The Three Musketeers
Rating: **
Origin: USA, 1939
Director: Allan Dwan
Source: Fox Cinema Classics Collection DVD

The Three Musketeers 1939

This is the first filmed musical version of The Three Musketeers (there are others!): it’s a musical comedy swashbuckler, believe it or not. So, the first question is, is it any good as a musical? Well, Don Ameche, who plays d’Artagnan, can certainly sing—you have to give him credit for that. But the songs aren’t particularly worth singing, and they don’t really add much. As a musical, then, it’s pretty much a bust.

How is it as a comedy? In that regard it’s mainly a vehicle for the Ritz Brothers, a comic trio briefly popular in the 1930s; some compare them to the Marx Brothers, but that isn’t really apt, because each Marx had his own distinctive character, while the three Ritzes, like the crackers, are indistinguishable and interchangeable. Also, they’re not funny, which is kind of a liability in a comedy. So no joy there.

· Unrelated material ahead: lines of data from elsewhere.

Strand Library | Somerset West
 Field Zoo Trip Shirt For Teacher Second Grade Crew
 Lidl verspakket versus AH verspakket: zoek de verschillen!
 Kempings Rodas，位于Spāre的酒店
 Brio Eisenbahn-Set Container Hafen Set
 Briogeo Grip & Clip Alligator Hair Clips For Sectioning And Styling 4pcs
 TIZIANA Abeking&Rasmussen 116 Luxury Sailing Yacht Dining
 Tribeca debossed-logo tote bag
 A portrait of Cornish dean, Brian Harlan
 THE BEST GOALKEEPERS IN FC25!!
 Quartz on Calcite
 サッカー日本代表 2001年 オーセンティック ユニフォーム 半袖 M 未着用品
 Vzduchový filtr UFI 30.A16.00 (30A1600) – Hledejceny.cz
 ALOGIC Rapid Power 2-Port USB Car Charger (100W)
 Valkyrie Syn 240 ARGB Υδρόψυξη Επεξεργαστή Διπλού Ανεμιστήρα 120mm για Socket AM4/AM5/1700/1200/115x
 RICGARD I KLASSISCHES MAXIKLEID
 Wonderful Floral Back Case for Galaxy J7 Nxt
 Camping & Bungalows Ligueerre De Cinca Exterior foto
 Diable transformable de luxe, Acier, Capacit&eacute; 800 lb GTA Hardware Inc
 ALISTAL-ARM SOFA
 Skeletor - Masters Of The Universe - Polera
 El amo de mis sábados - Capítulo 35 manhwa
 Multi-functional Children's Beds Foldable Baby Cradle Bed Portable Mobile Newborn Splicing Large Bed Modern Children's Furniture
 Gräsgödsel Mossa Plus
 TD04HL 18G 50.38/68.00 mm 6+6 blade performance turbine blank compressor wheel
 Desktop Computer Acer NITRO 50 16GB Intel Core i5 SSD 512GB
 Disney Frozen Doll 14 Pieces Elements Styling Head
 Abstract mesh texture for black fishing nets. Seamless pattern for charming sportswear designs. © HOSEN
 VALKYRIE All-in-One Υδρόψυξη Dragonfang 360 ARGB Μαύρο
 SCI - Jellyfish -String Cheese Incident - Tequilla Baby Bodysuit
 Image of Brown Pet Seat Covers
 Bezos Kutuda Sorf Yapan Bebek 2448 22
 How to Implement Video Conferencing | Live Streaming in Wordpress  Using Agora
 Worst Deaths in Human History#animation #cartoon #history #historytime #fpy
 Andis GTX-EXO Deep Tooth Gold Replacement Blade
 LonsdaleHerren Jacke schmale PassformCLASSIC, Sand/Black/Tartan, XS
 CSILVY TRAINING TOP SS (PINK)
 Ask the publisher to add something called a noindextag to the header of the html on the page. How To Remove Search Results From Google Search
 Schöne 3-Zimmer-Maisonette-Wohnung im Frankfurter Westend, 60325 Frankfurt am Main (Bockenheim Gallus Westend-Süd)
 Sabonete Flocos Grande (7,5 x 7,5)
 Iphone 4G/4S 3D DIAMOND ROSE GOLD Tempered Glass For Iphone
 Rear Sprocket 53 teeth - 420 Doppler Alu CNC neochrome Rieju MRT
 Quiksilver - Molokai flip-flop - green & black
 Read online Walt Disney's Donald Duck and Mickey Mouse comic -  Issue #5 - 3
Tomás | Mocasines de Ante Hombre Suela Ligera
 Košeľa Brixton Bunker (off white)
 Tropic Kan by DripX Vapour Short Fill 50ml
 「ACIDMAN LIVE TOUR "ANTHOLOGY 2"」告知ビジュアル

Most importantly, then, how is it as a version of The Three Musketeers? Surprisingly, it’s one of the more faithful adaptations of Dumas’s novel, which is rather amazing since, if they were already jamming songs and the goofball Ritz Brothers into the story, why did they bother? At a guess, it’s because the original story is so sturdy and resilient it can support the insertion of Ritzes and songses and still carry on just fine. Ameche is too old for the part of the young Gascon, but he’s energetic and far from the worst d’Artagnan ever cast—and the beguiling Binnie Barnes is one of the best-ever-cast Milady de Winters. She kills. Bonus: watch for the fun early appearance by John Carradine as Naveau (i.e., Bonacieux), Constance’s treacherous guardian.